*Work required:* Copy each line below as it stands, but skip any picture it contains.
Top of Dataset entries
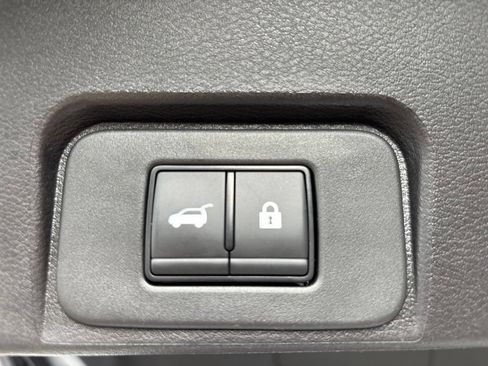 Certified 2026 Nissan Rogue SV AWD/4WD image 14
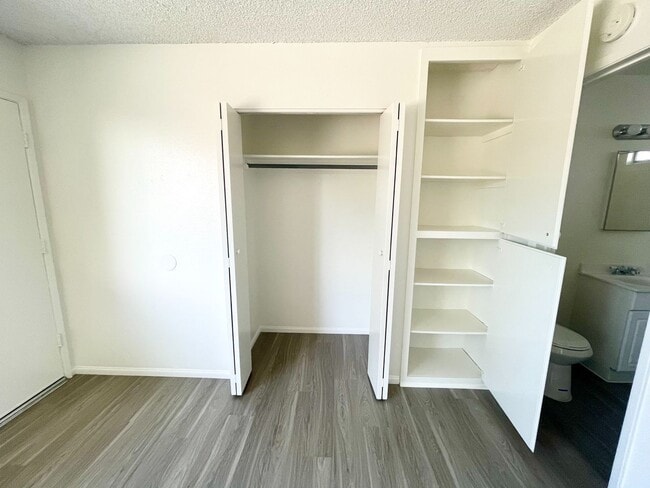 Building Photo - Studio West of PCH!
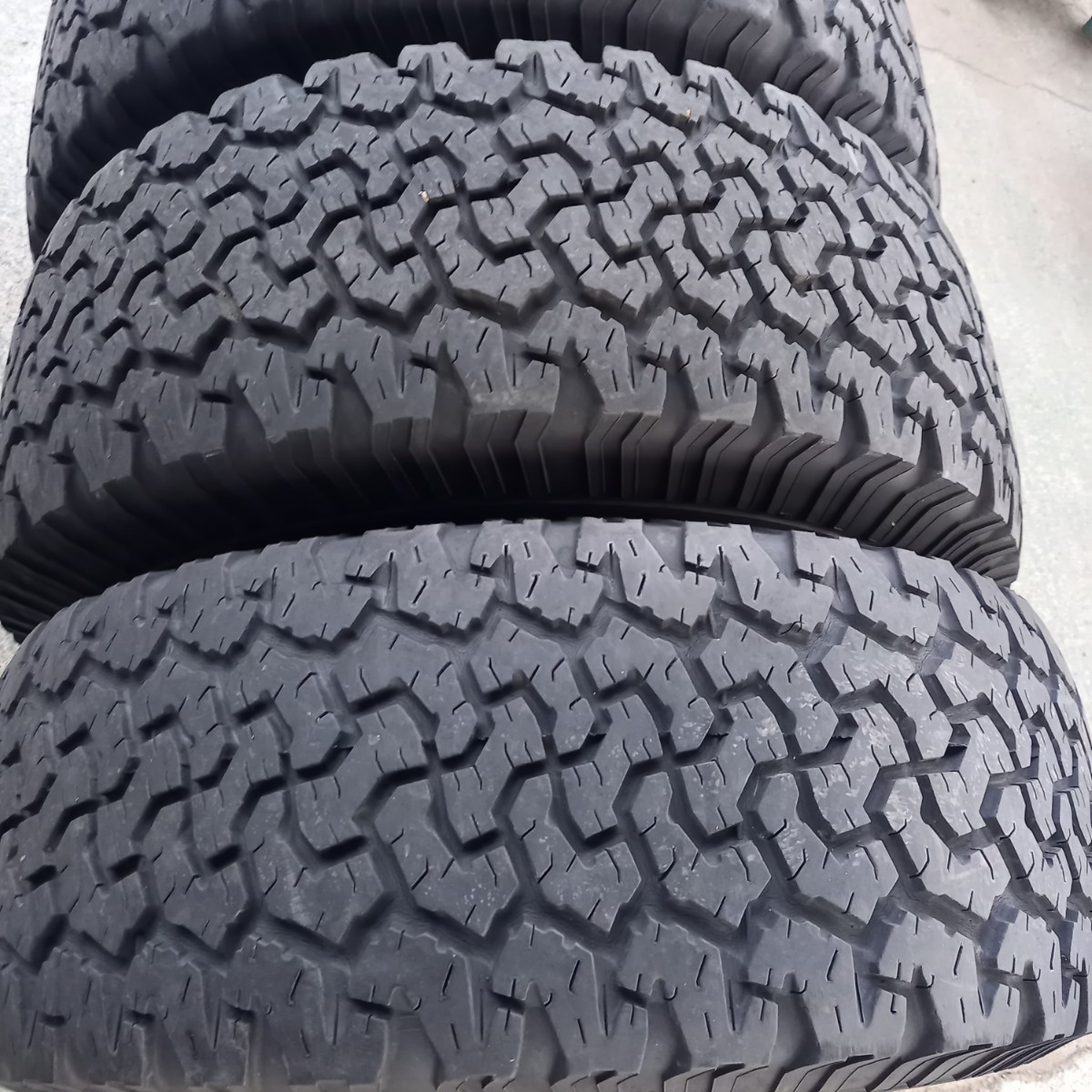 数量限定，定番 BFGoodrichAⅡ-Terrain T/A BFグッドリッチ ホワイトレター 32×11.50R15LT 113R 中古 ヒビあり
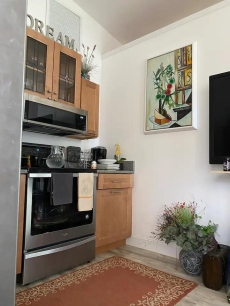 New Private detached Apt w/ all your needs!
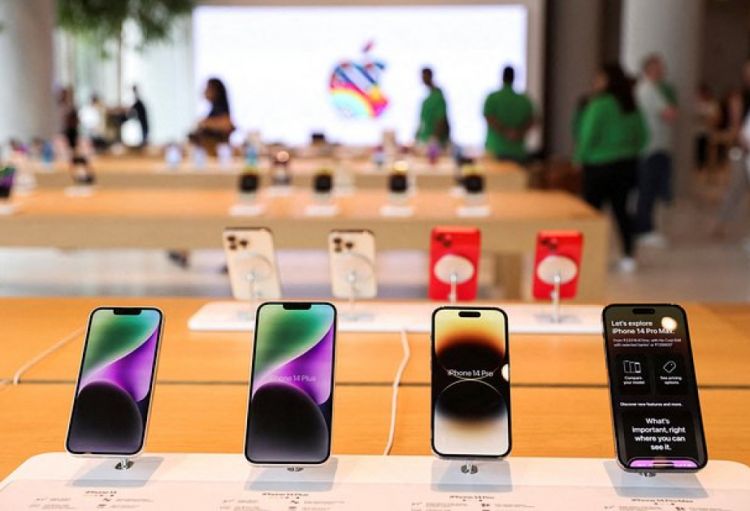 “Apple” dünya bazarında rekord satış payına nail olub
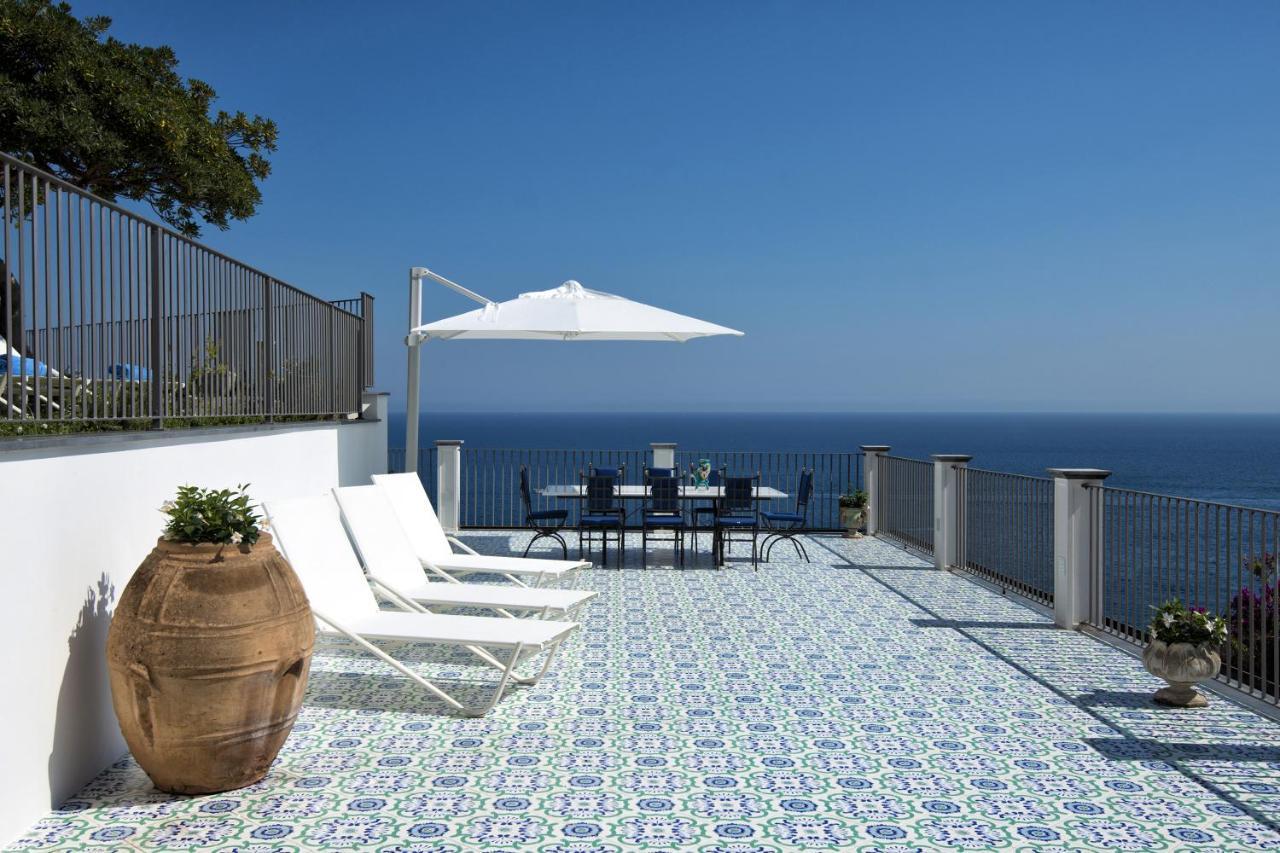 Amore Rentals - Palazzo Della Storia Amalfi Exterior photo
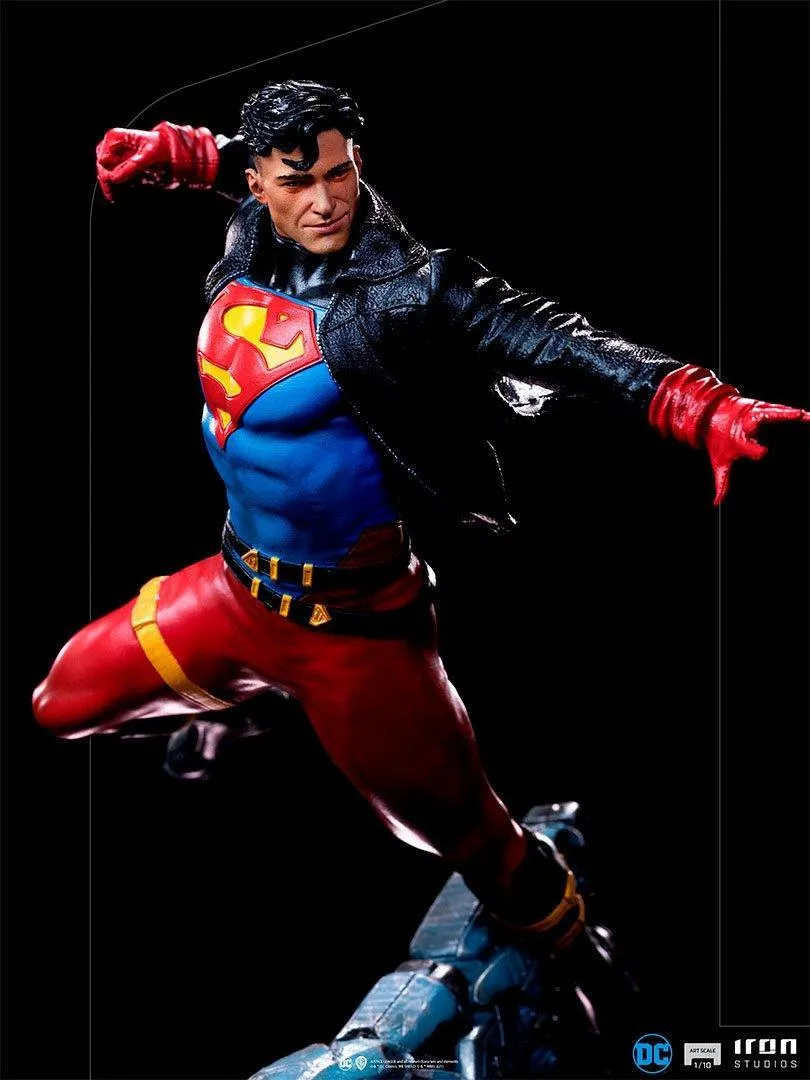 Superman - Superboy 1:10 Scale Statue - Image 9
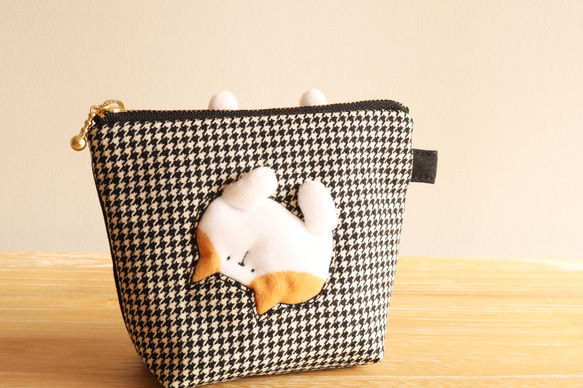 Creema Limited Pouch of Cat Playing in Pouch（棕x白貓千鳥格14cm拉鍊） 第3張的照片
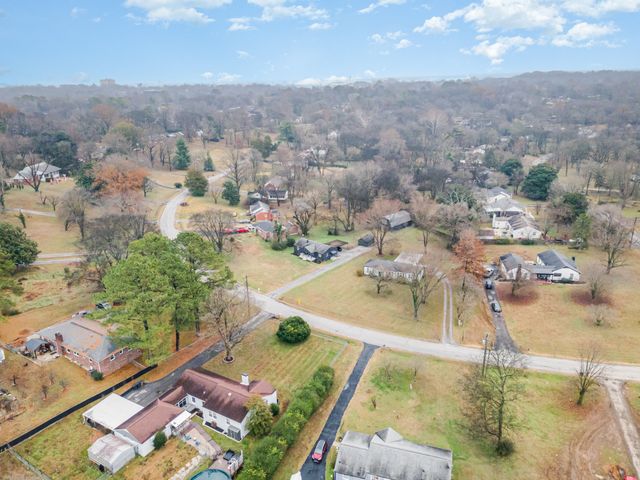 706 Greymont Dr, Nashville, TN 37217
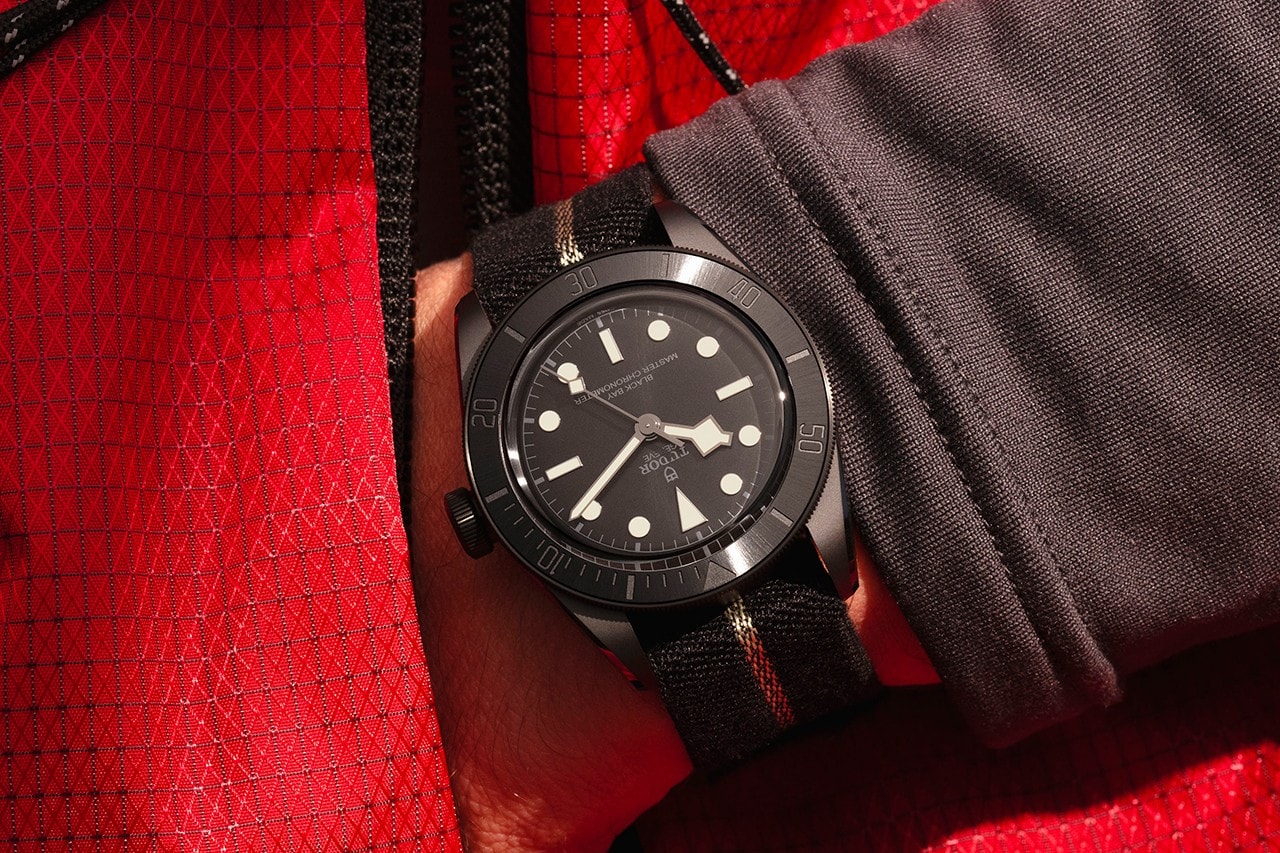 Tudor 發表全新陶瓷材質黑魂樣式 Black Bay 潛水腕錶
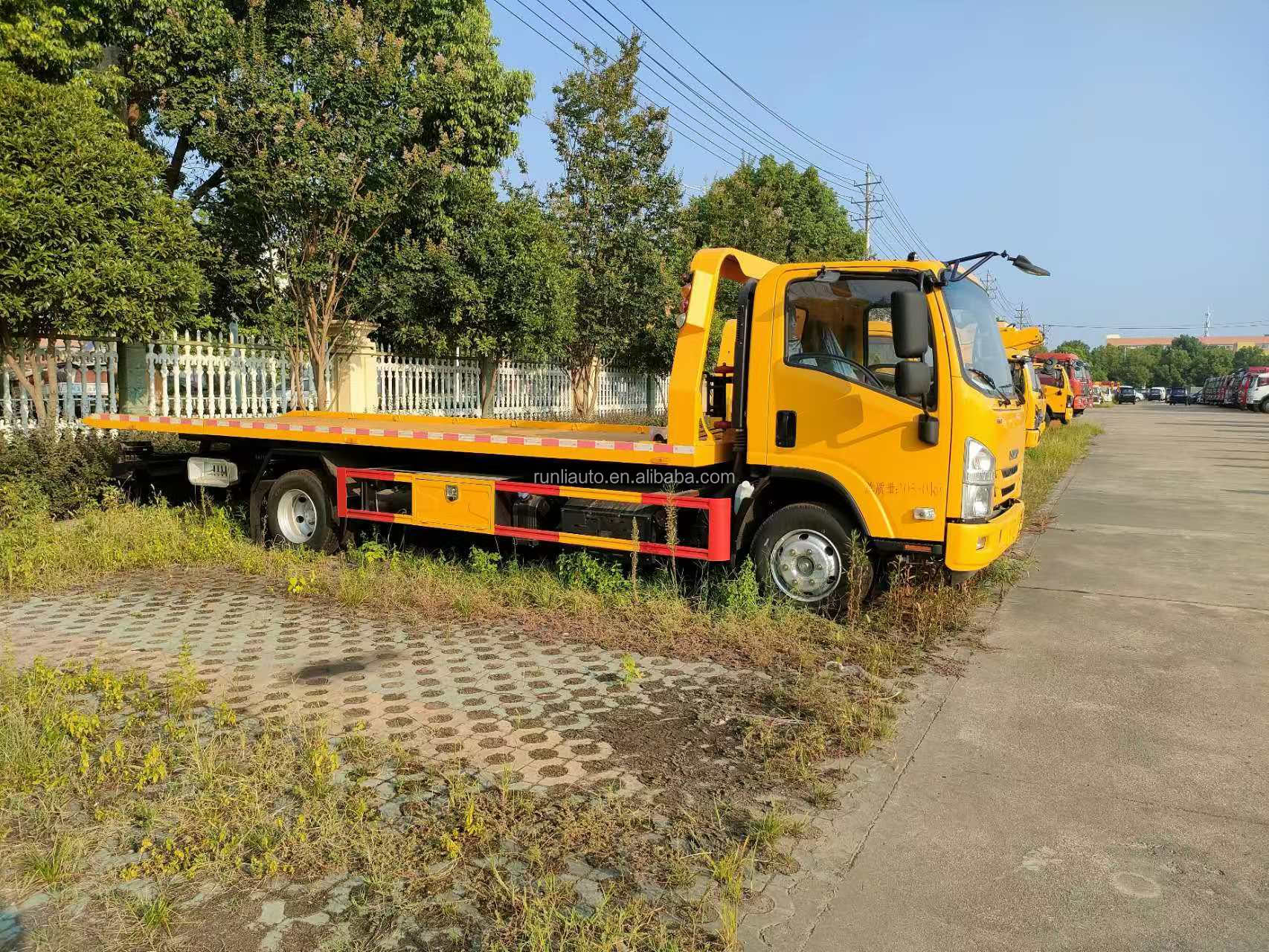 Factory Hot Selling Good Quality Customized Small Mini ISUZU Flatbed Platform Towing Wrecker Truck Light Duty Tow Wrecker Truck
Bottom of Dataset entries
*Exercise result:*
 Certified 2026 Nissan Rogue SV AWD/4WD image 14
 Building Photo - Studio West of PCH!
 数量限定，定番 BFGoodrichAⅡ-Terrain T/A BFグッドリッチ ホワイトレター 32×11.50R15LT 113R 中古 ヒビあり
 New Private detached Apt w/ all your needs!
 “Apple” dünya bazarında rekord satış payına nail olub
 Amore Rentals - Palazzo Della Storia Amalfi Exterior photo
 Superman - Superboy 1:10 Scale Statue - Image 9
 Creema Limited Pouch of Cat Playing in Pouch（棕x白貓千鳥格14cm拉鍊） 第3張的照片
 706 Greymont Dr, Nashville, TN 37217
 Tudor 發表全新陶瓷材質黑魂樣式 Black Bay 潛水腕錶
 Factory Hot Selling Good Quality Customized Small Mini ISUZU Flatbed Platform Towing Wrecker Truck Light Duty Tow Wrecker Truck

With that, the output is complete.